What’s That You Said About Taxes?

Thanks for asking! The relationship between taxes and migration is a topic of heated debate that I’ve written about extensively in the past (just search for “migration” on that page). The best academic evidence suggests that taxes do impact migration. On face value, that lends a lot of support to typically conservative- or small-government arguments for lower taxes. Even when digging deeper, actually, the taxes-migration relationship does support generally conservative claims about taxes, in principle.

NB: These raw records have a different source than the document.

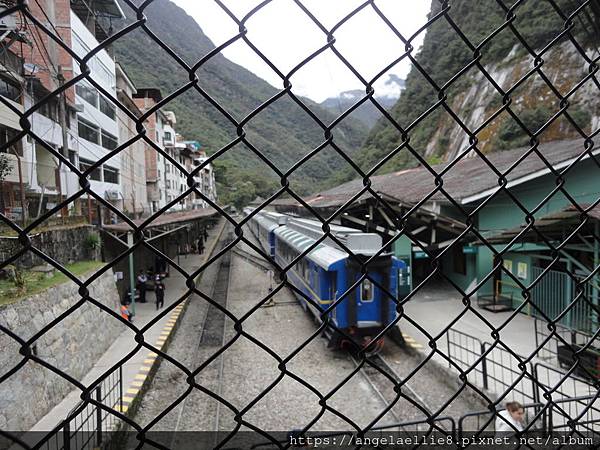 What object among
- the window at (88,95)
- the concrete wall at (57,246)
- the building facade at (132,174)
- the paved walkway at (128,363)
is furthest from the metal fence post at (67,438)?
the building facade at (132,174)

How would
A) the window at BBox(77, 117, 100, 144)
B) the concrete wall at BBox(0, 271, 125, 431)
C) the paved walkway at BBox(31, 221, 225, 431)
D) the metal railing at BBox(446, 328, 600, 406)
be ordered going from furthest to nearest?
the window at BBox(77, 117, 100, 144) → the metal railing at BBox(446, 328, 600, 406) → the paved walkway at BBox(31, 221, 225, 431) → the concrete wall at BBox(0, 271, 125, 431)

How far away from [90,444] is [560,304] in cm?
878

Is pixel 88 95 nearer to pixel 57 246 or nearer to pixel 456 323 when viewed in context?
pixel 57 246

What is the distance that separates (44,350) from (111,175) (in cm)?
1159

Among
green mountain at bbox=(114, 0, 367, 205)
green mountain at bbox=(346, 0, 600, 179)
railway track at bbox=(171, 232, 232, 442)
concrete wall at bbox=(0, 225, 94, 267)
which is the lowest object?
railway track at bbox=(171, 232, 232, 442)

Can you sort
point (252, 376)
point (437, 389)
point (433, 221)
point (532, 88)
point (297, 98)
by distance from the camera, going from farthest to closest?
point (532, 88) → point (433, 221) → point (252, 376) → point (437, 389) → point (297, 98)

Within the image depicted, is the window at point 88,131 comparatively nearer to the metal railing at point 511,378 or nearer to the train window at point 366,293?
the train window at point 366,293

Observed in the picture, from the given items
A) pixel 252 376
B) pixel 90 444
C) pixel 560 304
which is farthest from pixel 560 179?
pixel 560 304

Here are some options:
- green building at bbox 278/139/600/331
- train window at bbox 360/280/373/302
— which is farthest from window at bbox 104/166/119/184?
train window at bbox 360/280/373/302

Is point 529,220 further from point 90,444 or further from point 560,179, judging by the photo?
point 90,444

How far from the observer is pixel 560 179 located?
52.8 inches

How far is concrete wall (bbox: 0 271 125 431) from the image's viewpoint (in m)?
4.60

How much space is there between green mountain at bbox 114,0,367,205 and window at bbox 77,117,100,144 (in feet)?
10.3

But before I’m branded as an ideologue, let me clarify: a statistically significant effect of higher taxes just means “a statistician can show it exists.” It doesn’t mean it’s big. Most studies of migration and taxes find effects that can be categorized as “small but significant.” Cutting taxes doesn’t create seismic changes in migration. It won’t solve deep-seated problems of governance, single-handedly create community renewal, or make a depressed area blossom into new life. Rather, lower taxes can marginally improve migration flows.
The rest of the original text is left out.